First, we can calculate the initial state. Since the first 7 un-scrambled bits (\(B_0\) to \(B_6\)) are all zeros, the scrambled bits can be obtained by:

(6)\[\begin{split}B^s_0 &= X_0^7 \oplus X_0^4\\ B^s_1 &= X_1^7 \oplus X_1^4 = X_0^6 \oplus X_0^3\\ B^s_2 &= X_2^7 \oplus X_2^4 = X_0^5 \oplus X_0^2\\ B^s_3 &= X_3^7 \oplus X_3^4 = X_0^4 \oplus X_0^1\\ B^s_4 &= X_4^7 \oplus X_4^4 = X_0^3 \oplus B^s_0\\ B^s_5 &= X_5^7 \oplus X_5^4 = X_0^2 \oplus B^s_1\\ B^s_6 &= X_6^7 \oplus X_6^4 = X_0^1 \oplus B^s_2\\\end{split}\]

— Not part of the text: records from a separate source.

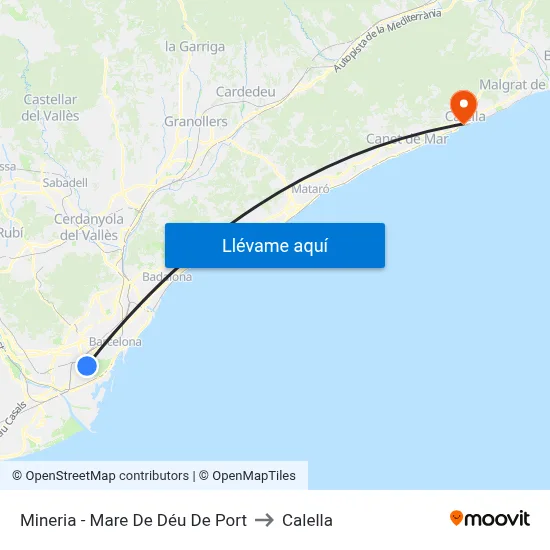 Mineria - Mare De Déu De Port to Calella map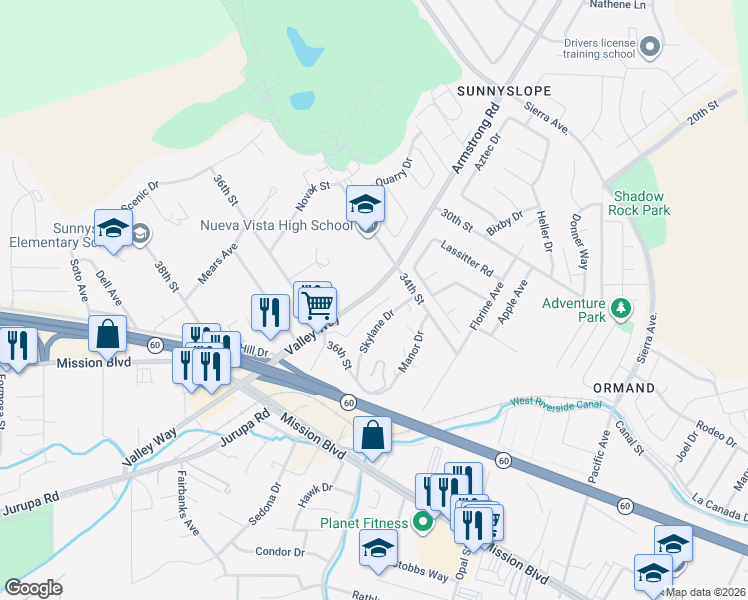 map of restaurants, bars, coffee shops, grocery stores, and more near 3490 Valley Way in Riverside
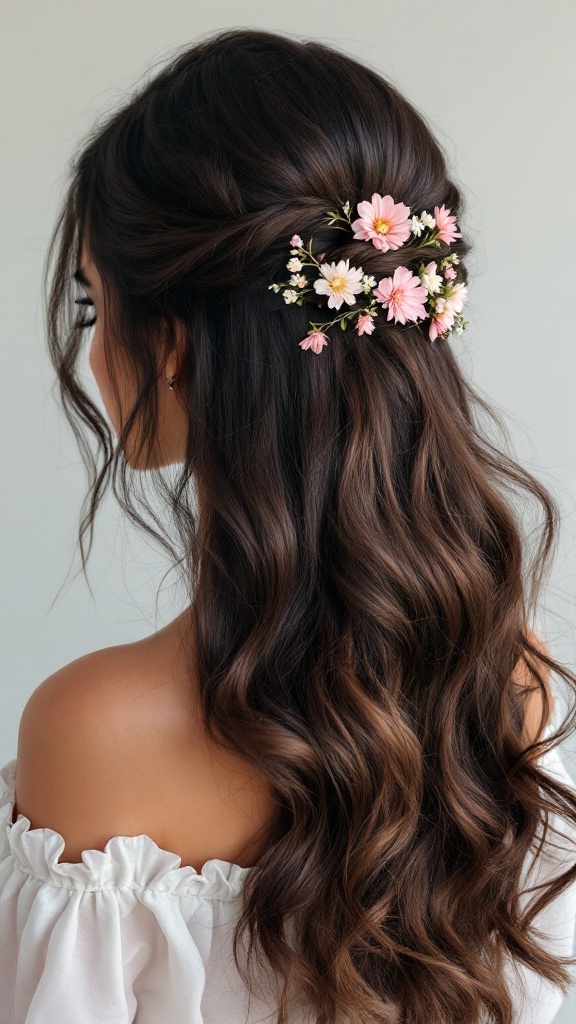 Half up half down hairstyle with floral pins on medium length hair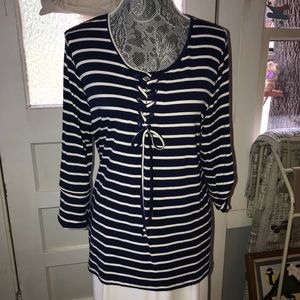 Navy/white striped knit top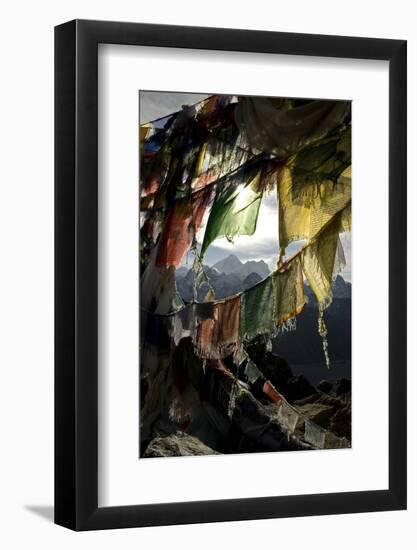 Prayer Flags on Summit of Gokyo Ri, Everest Region, Mt Everest, Nepal-David Noyes-Framed Photographic Print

From which we can reverse calculating the value of \(X\) as follows:

(7)\[\begin{split}X_0^1 &= B^s_6 \oplus B^s_2\\ X_0^2 &= B^s_5 \oplus B^s_1\\ X_0^3 &= B^s_4 \oplus B^s_0\\ X_0^4 &= B^s_3 \oplus X_0^1 = B^s_3 \oplus B^s_6 \oplus B^s_2\\ X_0^5 &= B^s_2 \oplus X_0^2 = B^s_2 \oplus B^s_5 \oplus B^s_1\\ X_0^6 &= B^s_1 \oplus X_0^3 = B^s_1 \oplus B^s_4 \oplus B^s_0\\ X_0^7 &= B^s_0 \oplus X_0^4 = B^s_0 \oplus B^s_3 \oplus B^s_6 \oplus B^s_2\\\end{split}\]

This interpretation does not lead to efficient Verilog implementation since we need to first buffer the first 7 bits, calculate the initial state and then descramble from the first 7 bits again.

The second interpretation is that: the first 7 scrambled bits are the state after scrambling the 7 bits. In other words, we have:

(8)\[\begin{split}X_7^7 &= B^s_0\\ X_7^6 &= B^s_1\\ X_7^5 &= B^s_2\\ X_7^4 &= B^s_3\\ X_7^3 &= B^s_4\\ X_7^2 &= B^s_5\\ X_7^1 &= B^s_6\\\end{split}\]

For instance, take a look at \(X_7^7\),

(9)\[X_7^7 = X_6^6 = \ldots = X_1^1 = X_0^7 \oplus X_0^4\]

We also know that:

(10)\[\begin{split}B^s_0 &= X_0^7 \oplus X_0^4 \oplus B_0\\ &= X_0^7 \oplus X_0^4 \oplus 0 \\ &= X_0^7 \oplus X_0^4\end{split}\]

Therefore \(X_7^7 = B^s_0\). This way we directly get the state to descramble the next bit \(B^s_7\), resulting a very simple Verilog implementation.